Acho uma optima ideia, tipo uma frame incorporada
Era fixe tambem uma tabela dos valores dos pontos de observação de cada pessoa tipo um mapa de portugal e actualizado pelos membros.

Já é pedir muito mas como é Natal  e se houver algum membro "programador" que ajudasse o poderoso administrador.

Mas estas interactividades tornavam o site/forum ainda mais sedutor


----------



## Dan (21 Dez 2006 às 18:43)

mag0 disse:


> Acho uma optima ideia, tipo uma frame incorporada
> Era fixe tambem uma tabela dos valores dos pontos de observação de cada pessoa tipo um mapa de portugal e actualizado pelos membros.
> 
> Já é pedir muito mas como é Natal  e se houver algum membro "programador" que ajudasse o poderoso administrador.
> ...



Acho que é uma excelente ideia


----------



## Fil (21 Dez 2006 às 23:12)

A ideia é boa, o problema está em implementar tudo isso. Além de que dava uma grande trabalheira, será que o admin percebe alguma coisa de php?


----------



## tozequio (21 Dez 2006 às 23:25)

Fil disse:


> A ideia é boa, o problema está em implementar tudo isso.
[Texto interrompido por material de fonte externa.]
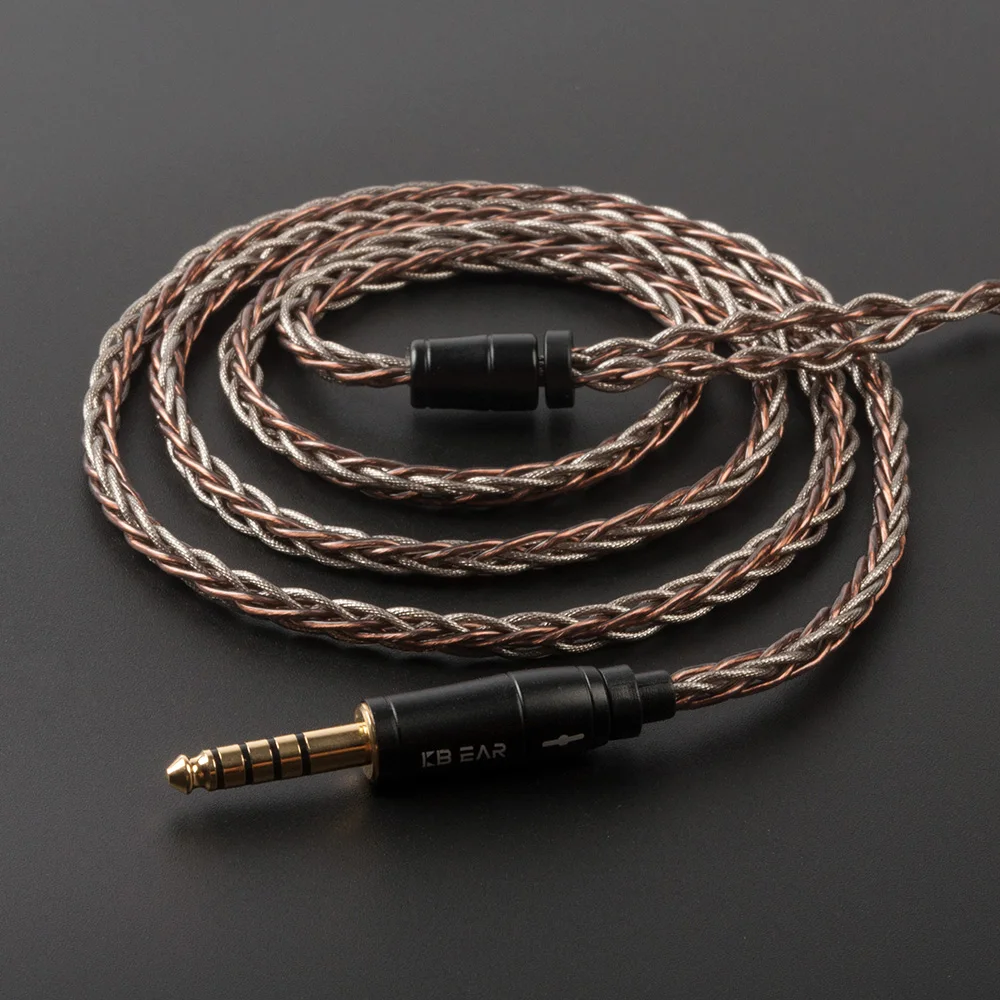 KBEAR Rime, 8 core UPOCC eno crystal bakreni kabel 2pin/MMCX/QDC/TFZ z 2.5/3.5/4.4 priključek za Slušalke kabel KBEAR KS2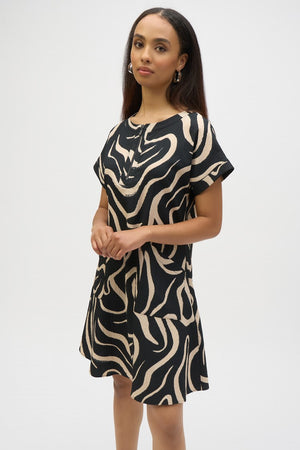 Joseph Ribkoff Seersucker Abstract Print A-Line Dress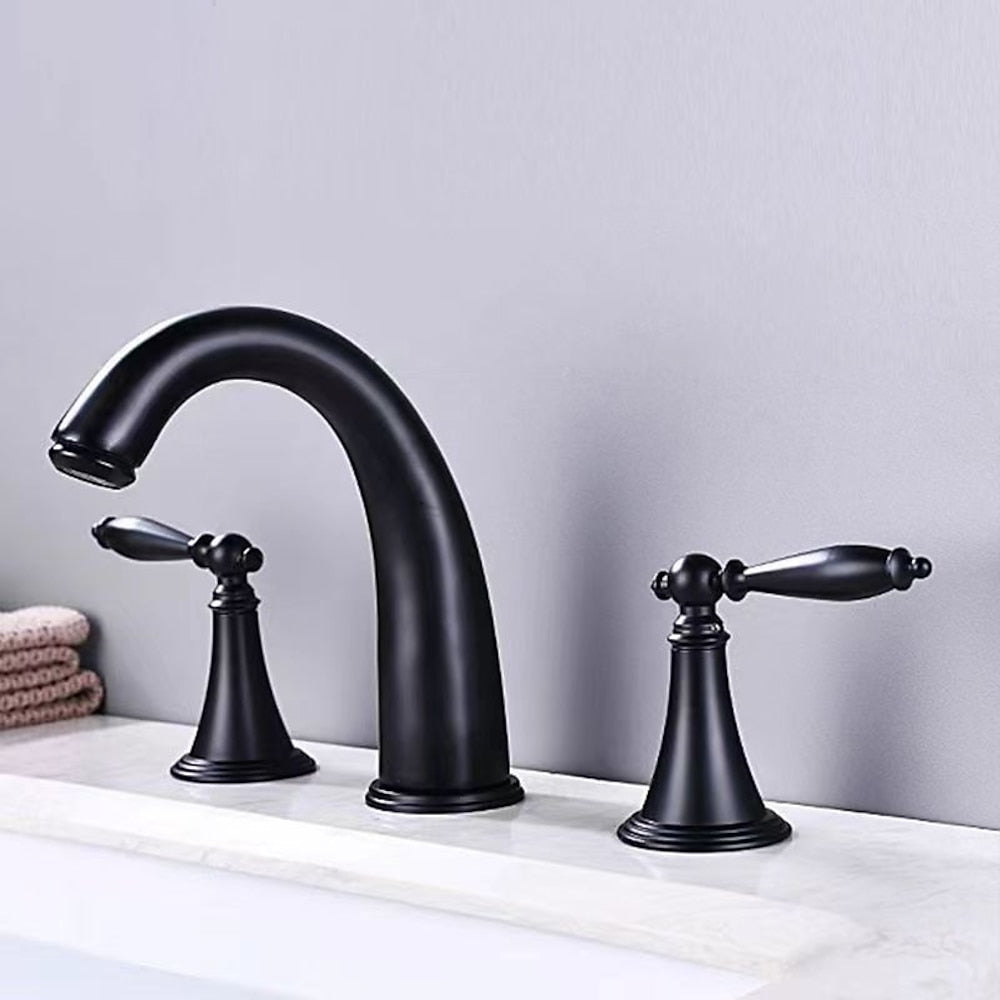 Modern High Arc Bathroom Sink Faucet, Widespread Dual-Handle Faucet, Matte Black / Matte White / Gunmetal / Chrome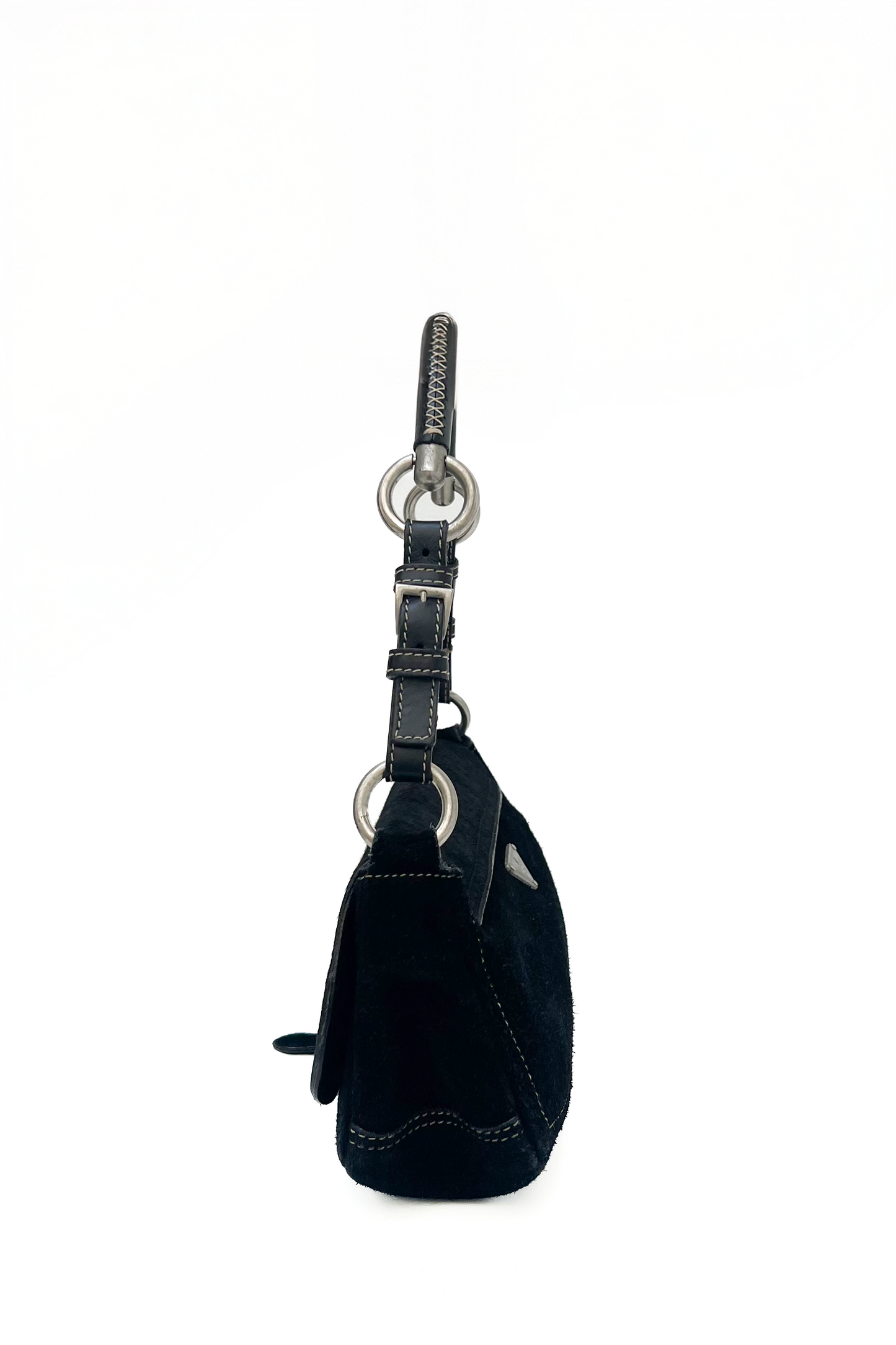 Vintage Black Calfskin & Suede Shoulder Bag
Além de que dava uma grande trabalheira, será que o admin percebe alguma coisa de php?



Tens que falar com ele, pode ser que a coisa se resolva...


----------



## miguel (21 Dez 2006 às 23:26)

Eu também gostei muito da ideia sem duvida  era uma mais valia no fórum e melhorava bastante mas o problema é se é viável manter o projecto não sei se dará muito trabalho de informática não entendo muito


----------



## kimcarvalho (22 Dez 2006 às 00:09)

Fil disse:


> A ideia é boa, o problema está em implementar tudo isso. Além de que dava uma grande trabalheira, será que o admin percebe alguma coisa de php?



Eu acho que é rapaz para isso e muito mais, não fosse ele um transmontano rijaço!  

Se quiseres eu dou-lhe uma palavrinha e até te o posso apresentar se assim o desejares! Eu sou assim prontos... conheço muita gente  é esta coisa de morar ao lado de Badajoz, as escursões, os caramelos, etc


----------



## Mago (22 Dez 2006 às 02:13)

Eu entendo que nao é fácilpor isso falei num programador sei lá até um amigo hoje em dia a linguagem php já está bastante difundida na comunidade de informática e para quem sabe uma coisa destas deve ser super fácil, um Mapa com os valores online que projectamos habitualmente aqui seria sem duvida algo muito fixe até mesmo uma simples tabela.Agora claro somos duzentos e tais membros uns de um lado outros de outro um conhece um outro outro poderia-se pensar numa solução e seria muito fixe.

Mas também talvez seja mais o coração a falar em ver o forum ainda melhor do que a razão de não ser fácil, fica o répto para pelo menos dar-nos corda à nossa imaginação.

Fil deves conhecer o Sr. Administrador como tu cá tu lá não ?  
(brincar  )

Parabéns ao Sr Administrador ou Fundador do Forum, actualmente é o meu forum de "eleição".


----------